“This new hazard assessment tool will minimize the need for feed companies to conduct their own review of scientific reports and information and likely save them tens of thousands of dollars that may otherwise have been required,” the AFIA and NGFA said.
FSMA’s regulations for “Current Good Manufacturing Practice and Hazard Analysis and Risk-based Preventive Controls for Food for Animals” require animal food facilities to develop a facility-specific animal food safety plan. This plan begins with conducting a hazard analysis of the facility and the products produced in the facility. The FDA’s regulations require that the hazard analysis be based upon experience, illness data, scientific reports and other information.
To assist members in completing the required hazard analysis, the National Grain and Feed Foundation and the AFIA’s foundation — the Institute for Feed Education and Research — contracted with the University of Minnesota’s Center for Food Safety and Animal Health to review scientific literature and published recall reports for hazards that have occurred in animal food. The resulting “Scientific Literature Database Tool” summarizes published information regarding the occurrence of hazards in animal food.

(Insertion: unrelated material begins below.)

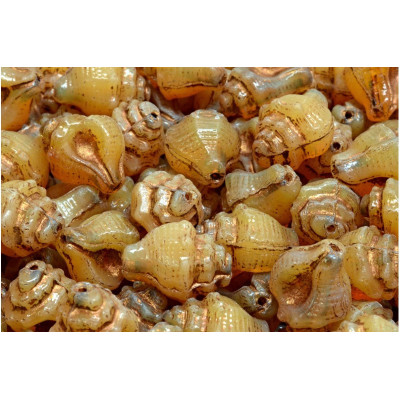Murex Shell Beads 15x12mm Beige Copper 11111-54317 | Rutkovsky Glass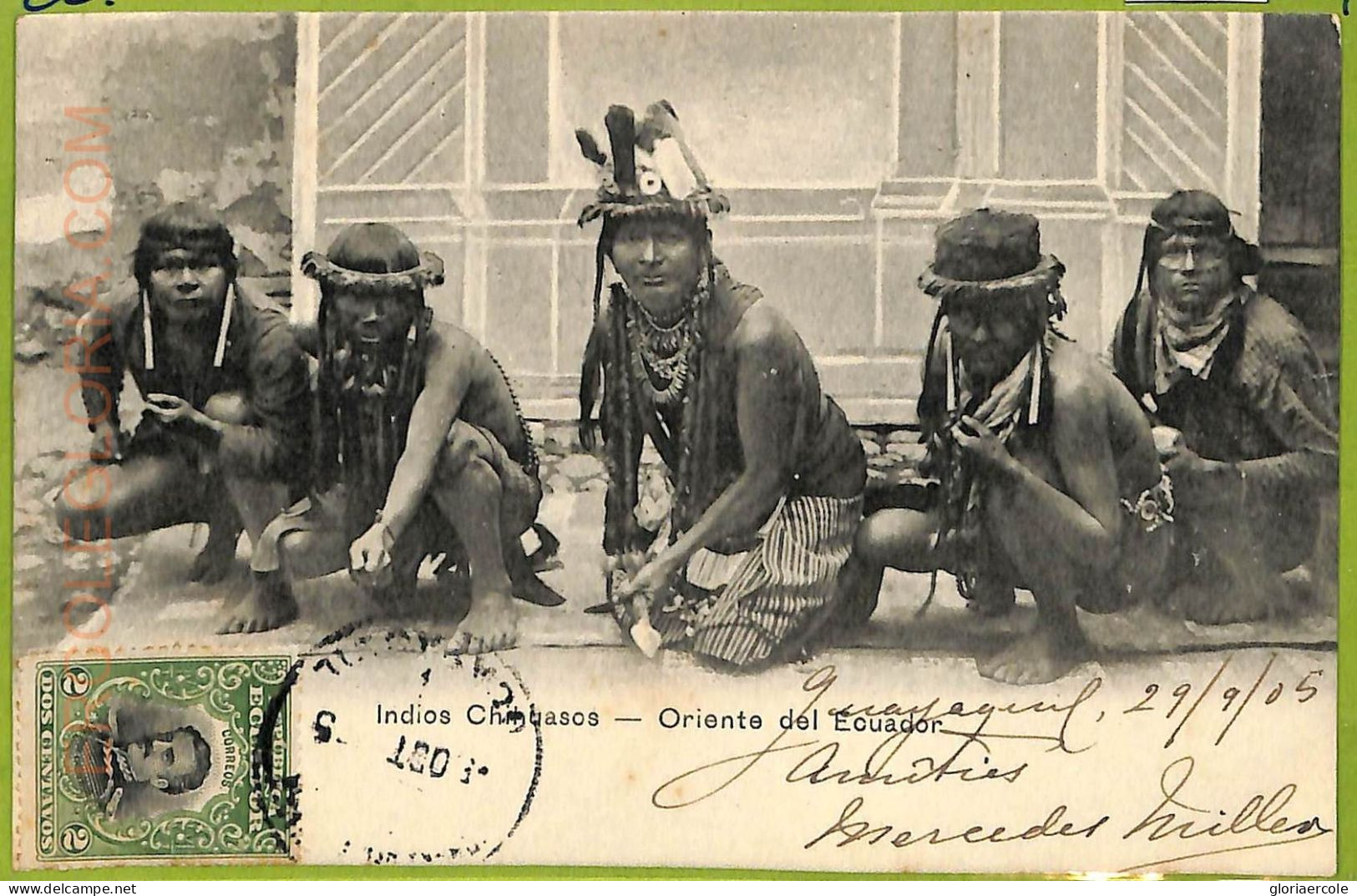 Af2441 - ECUADOR - Vintage Postcard - Indios Chihuasos - 1903 - Ecuador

In addition, the tool contains qualitative scoring to describe the severity of identified hazards for 16 animal species groups.
“The tool is an ideal starting place for our members in their development of a facility-specific hazard analysis,” the groups said. “It is important to note that facilities during their assessment also will need to incorporate experience data and other information in identifying hazards and determining severity and probability to determine if the hazard is one that is known or reasonably foreseeable and that may require a preventive control.”
This scientific literature database tool is currently offered only to the associations’ members as a member benefit.
The AFIA and NGFA said the database will be updated in three years to maintain its relevance, as FSMA requires reanalysis of a facility's hazard analysis a least every three years.